**Your instructions**
Once you reach the line containing "ماست کم چرب پروبيوتيک 1500 گرمي دامداران", return it and every line after it exactly, through the end of the records below, with no pictures.

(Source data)
---

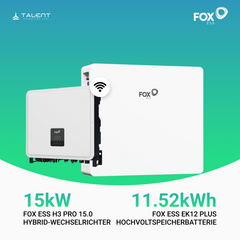 Fox ESS H3-Pro-20.0 20kW Hybridwechselrichter mit EK12 Hochvoltspeicherbatterie 11.52kWh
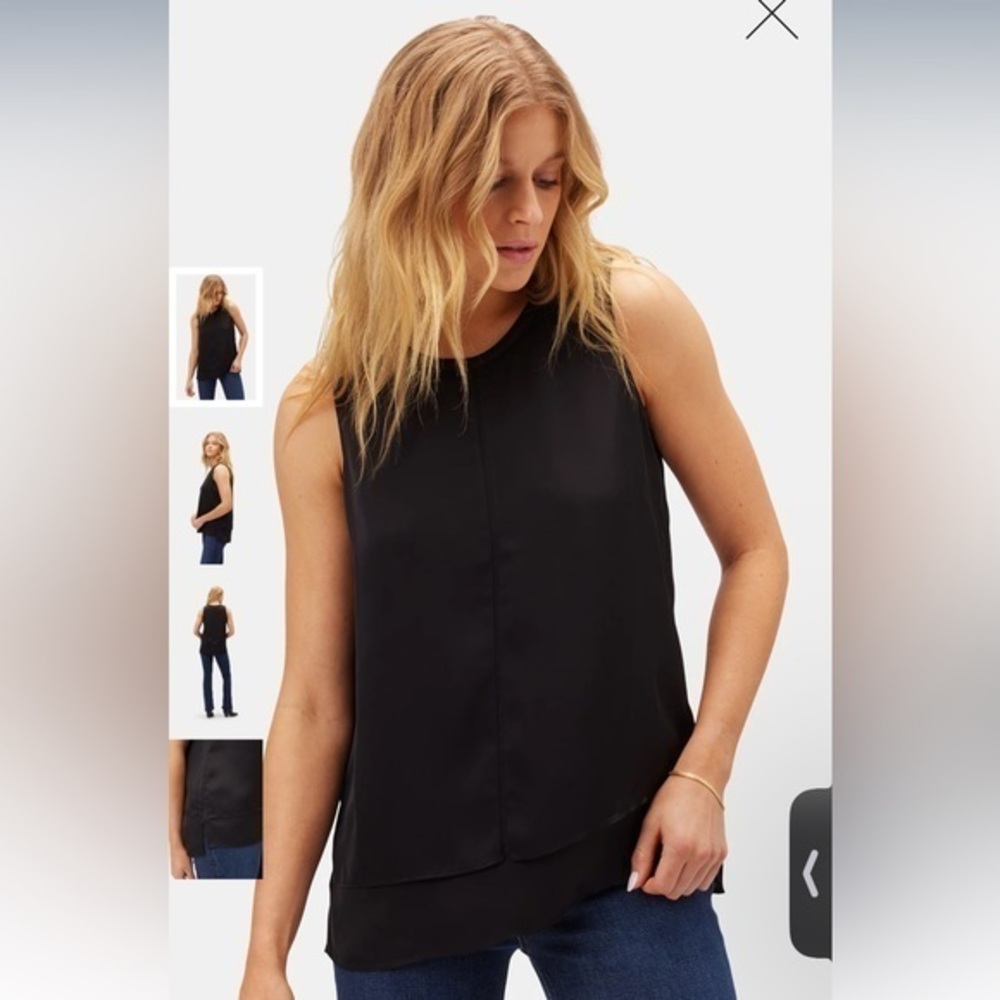 NWT - Amour Vert Tank - Black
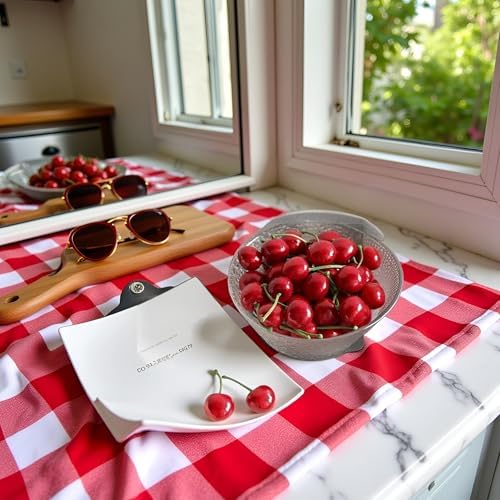 20Pcs Red Artificial Cherries Decor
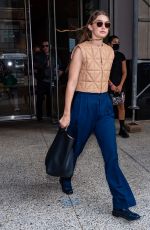 GIGI HADID Leaves Altuzarra Spring 2022 Ready-to-wear Fashion Show in New York 09/12/2021
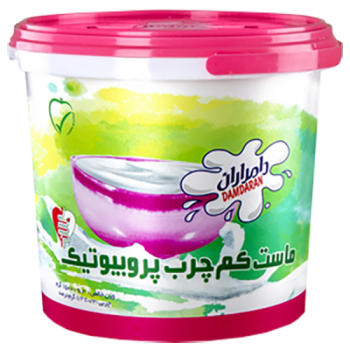 ماست کم چرب پروبيوتيک 1500 گرمي دامداران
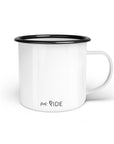 Emaille-Tassen Set "mrs. ride & mister ride"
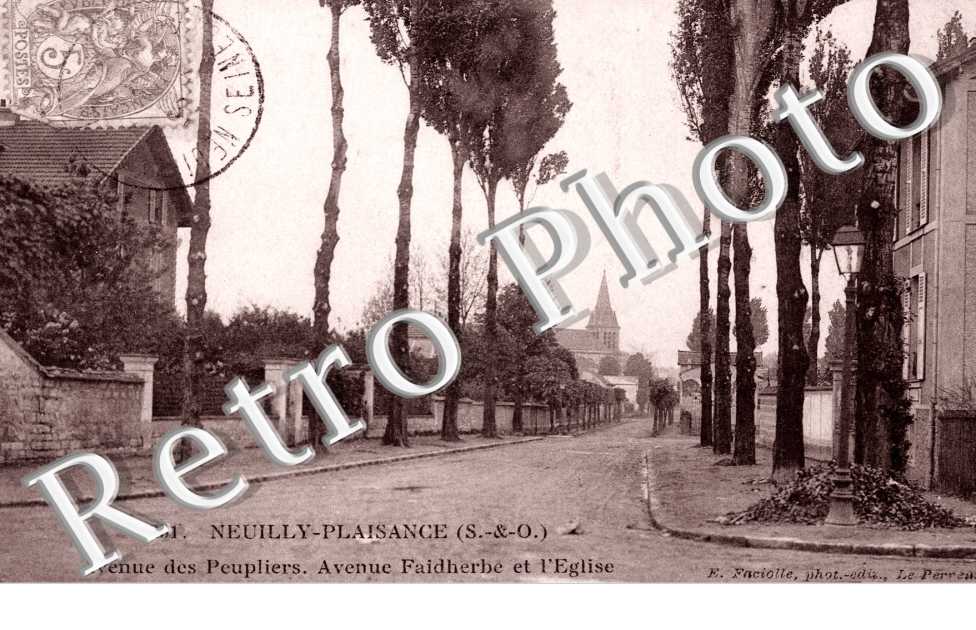 Avenue des peupliers  - Avenue Faidherbe et l'eglise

---

**Written answer**
 ماست کم چرب پروبيوتيک 1500 گرمي دامداران
 Emaille-Tassen Set "mrs. ride & mister ride"
 Avenue des peupliers  - Avenue Faidherbe et l'eglise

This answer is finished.